Why this determination? Because the company had deliberately excluded, consideration of SIL 3 and 4 techniques that might have eliminated the error, and which (given that they are part of the standard) would also be considered as reasonably practical to implement.

Question. You are the EGM in charge of product development, as the designated officer under the terms of the act what is your legal defence?

Discussion. Now you might think that the issue  here is that we did not apply a specific technique. But in fact the breach does not turn on whether the error could, or could not have been eliminated by technique X, but upon the failure to consider all reasonable and practicable steps. To put it another way, there is an absolute duty of care under the act and the only defence is one of due diligence which requires the application of the SFAIRP principle.
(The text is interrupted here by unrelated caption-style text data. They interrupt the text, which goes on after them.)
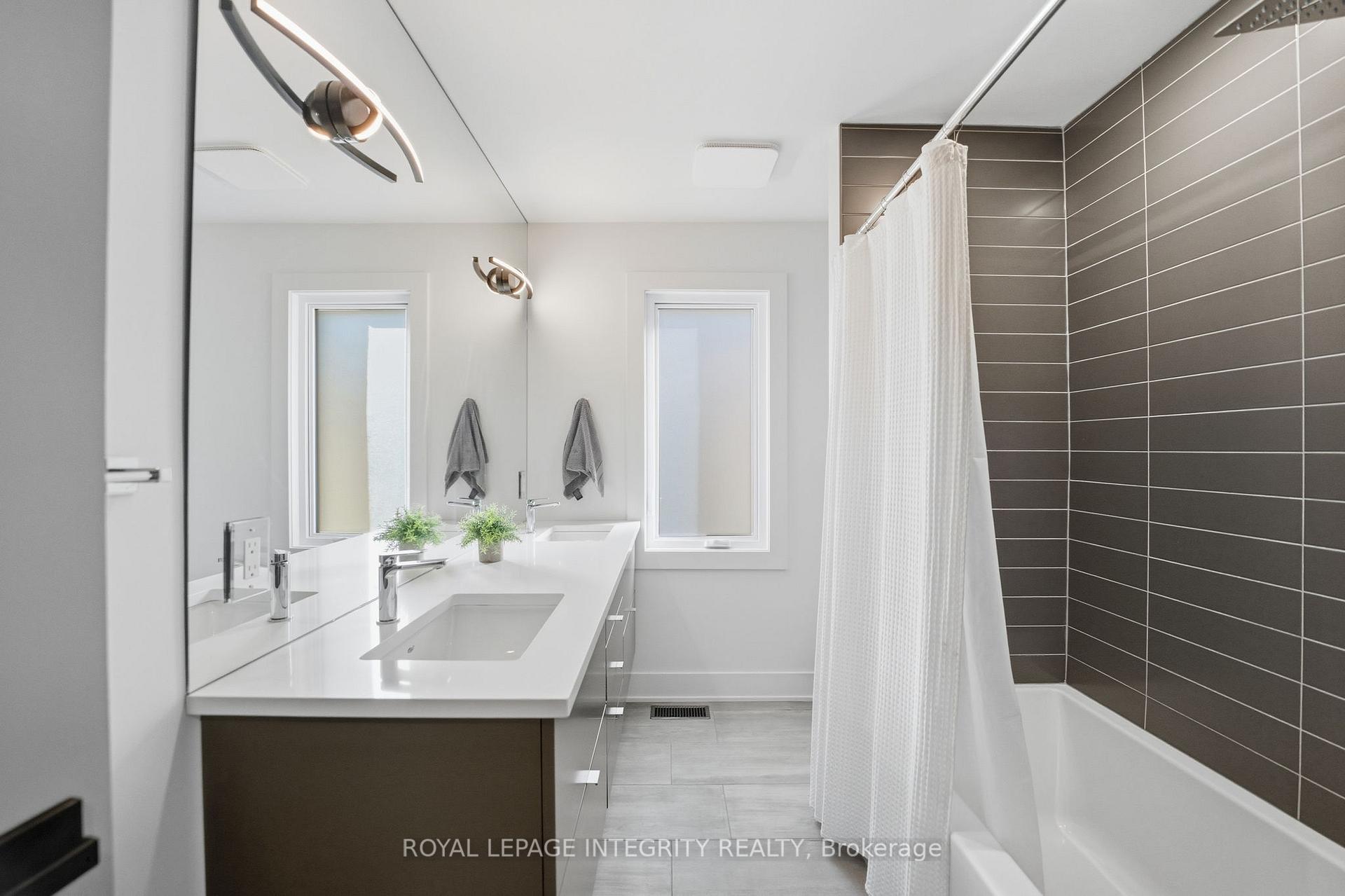 Photo 29 of Unit B, 574 Edison Avenue, Ottawa, McKellar/Highland — HOMEH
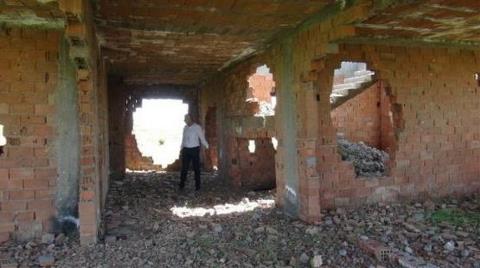 Mardin Midyat'ta Metruk Binalar Yıkılacak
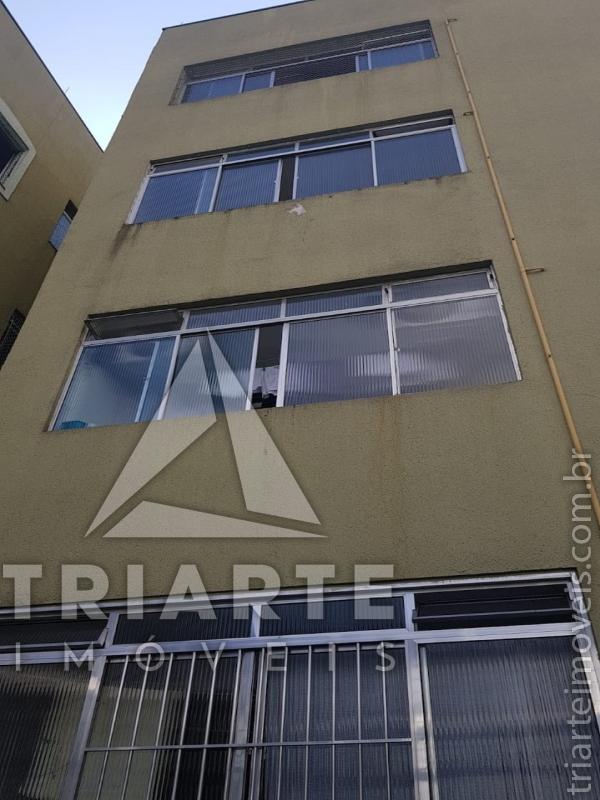 Sobrado à venda com 3 quartos, 220m² - Foto 1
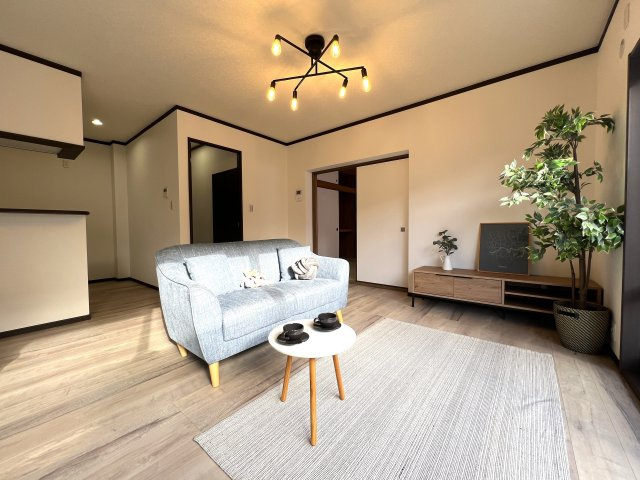 上永谷と下永谷あるけど中永谷はないのはなぜ？【リフォーム／港南区下永谷2丁目中古戸建】の居間・リビング|ゆったりとしたリビングです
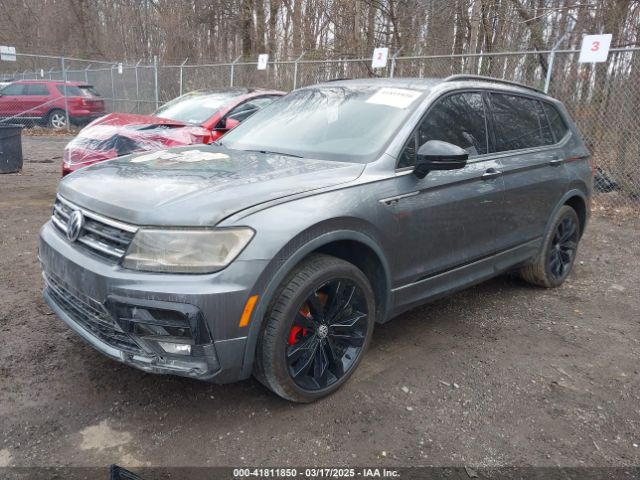 3VV2B7AX5MM126415 Volkswagen Tiguan 2.0t Se/2.0t Se R-line Black/2.0t Sel
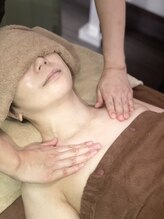 ピリナ(Pilina)/ハンド・デコルテ・首肩・肩甲骨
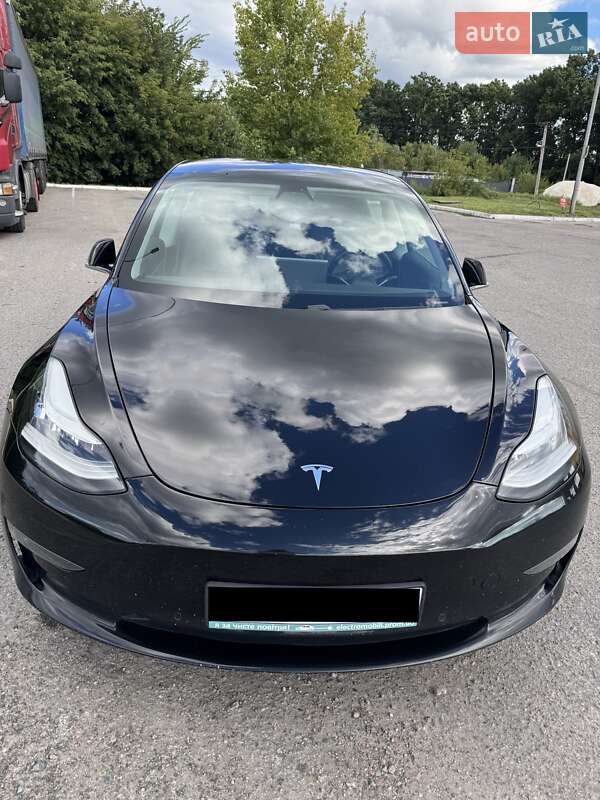 Седан Tesla Model 3 2019 в 
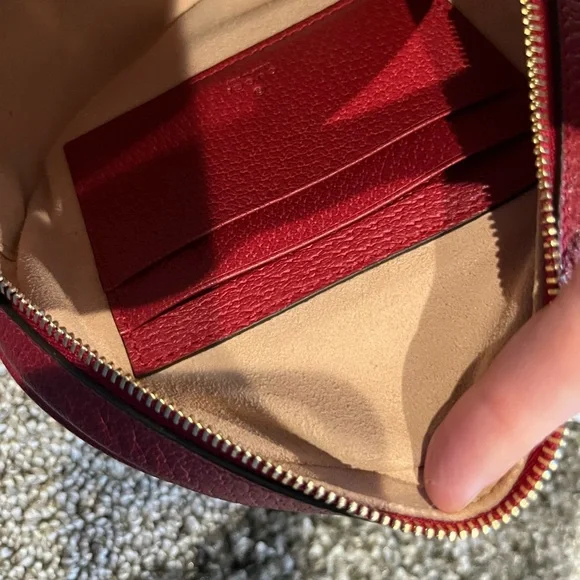 Brand new! Gucci Supreme Red round Backpack - Picture 7 of 12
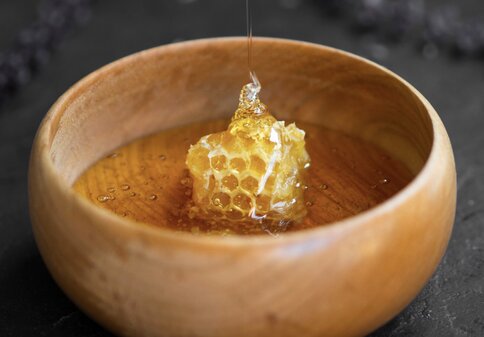Honey, a natural sweetener with many health benefits. Photo: Thuy Duong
Applying risk criteria as an upfront decision, does not comply with the act and therefore fails the test of due diligence.

Engineers should remember that in the eyes of the courts, in the absence of any legislative or contractual requirement, an Australian Standard amounts only to an expert opinion about usual or recommended practice. Also, that in the performance of any design, reliance on an Australian Standard does not relieve an engineer from the duty to exercise his or her own skill and expertise

Paul Wentworth, Minter Ellison

As a final though while I situated the above scenario in the aftermath of an industrial accident under the current WHS and Rail safety acts there need be no accident for a breach to occur, as both impose a duty of care regardless of whether an accident has or has not occurred. So my advice? Don’t get too comfy with those AS 61508 SIL levels, you may find yourself standing out on the windy corner one day because of them.


1. In contrast a traditional system safety approach focuses on acting to eliminate or reduce hazards first, followed by an  evaluation of residual risk.

2. Bluntly put, in publishing AS 61508 Australian Standards is touting advice that is contrary to the law. Weasel word disclaimers not withstanding. 🙂

2 responses to What happens when AS 61508 meets the law

    Daniel Grivicic 09/12/2015 at 9:50 pm

    Hi Matthew,

    Would you have any opinion on this problem where WHS legislation and AS61508 intersect?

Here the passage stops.